What is IOLTA?

Interest on Lawyers Trust Accounts (IOLTA) is a unique and innovative way to increase access to justice for individuals and families living in poverty and to improve our justice system and has been operating in the USA since 1981. Without taxing the public, and at no cost to lawyers or their clients, interest from lawyer trust accounts is pooled to provide civil legal aid to the poor and support improvements to the justice system by allowing the pooled ‘overnight investment earnings’ utilized by financial institutions with their other individual/business deposits.  IOLTA’s success is dependent on the cooperative relationship between the attorney, the financial institution, and the grantor of the IOLTA funds.
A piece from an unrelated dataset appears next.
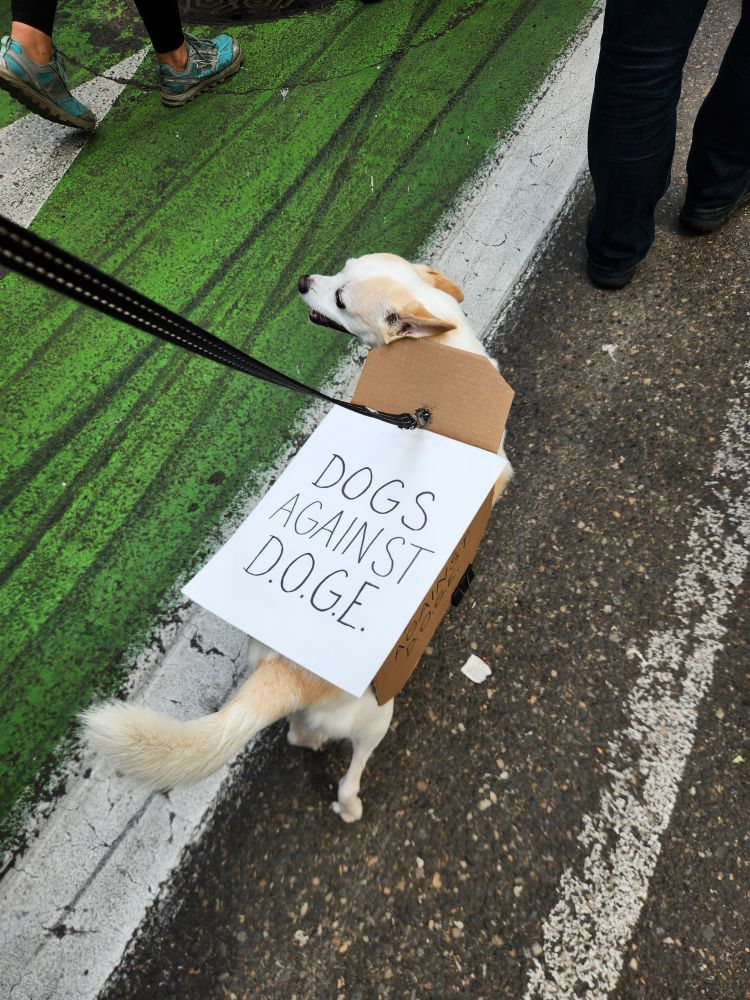 Cute dog with a big smile wearing a "DOGS AGAINST D.O.G.E." sign at a protest march.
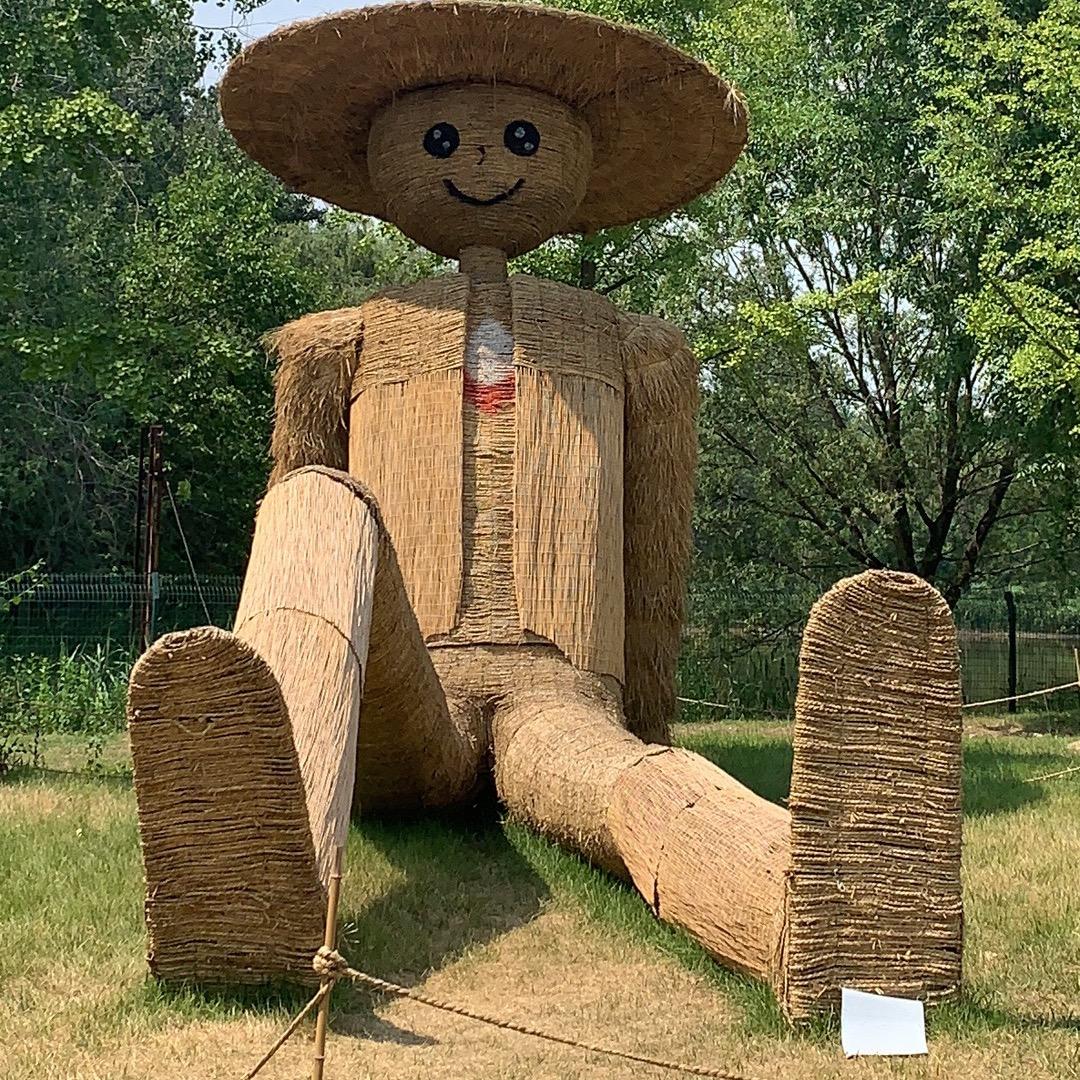小黑球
In Arizona, the Arizona Supreme Court Rule 43 requires all lawyers receiving client funds in Arizona or in connection with representation of clients in Arizona to maintain an interest-bearing trust account to pool client funds when the funds cannot otherwise earn enough interest income for the client to be more than the cost of securing a separate account. (The client - and not the IOLTA program - receives the interest if the funds were to generate net interest that could be of benefit to the client.)  The interest earned on these accounts is entrusted to the Arizona Foundation for Legal Services & Education for Arizona's IOLTA Programs. Under the rule, the Foundation is mandated to use the interest for programs designed to assist in the delivery of legal services to the poor, for law-related education purposes and to fund studies or programs designed to improve the administration of justice.

In existence since 1984, Arizona's IOLTA program currently provides more than $2.5 million per year benefiting over 30,000 families with free legal services and reaching over 300,000 children with education about their rights and responsibilities as citizens.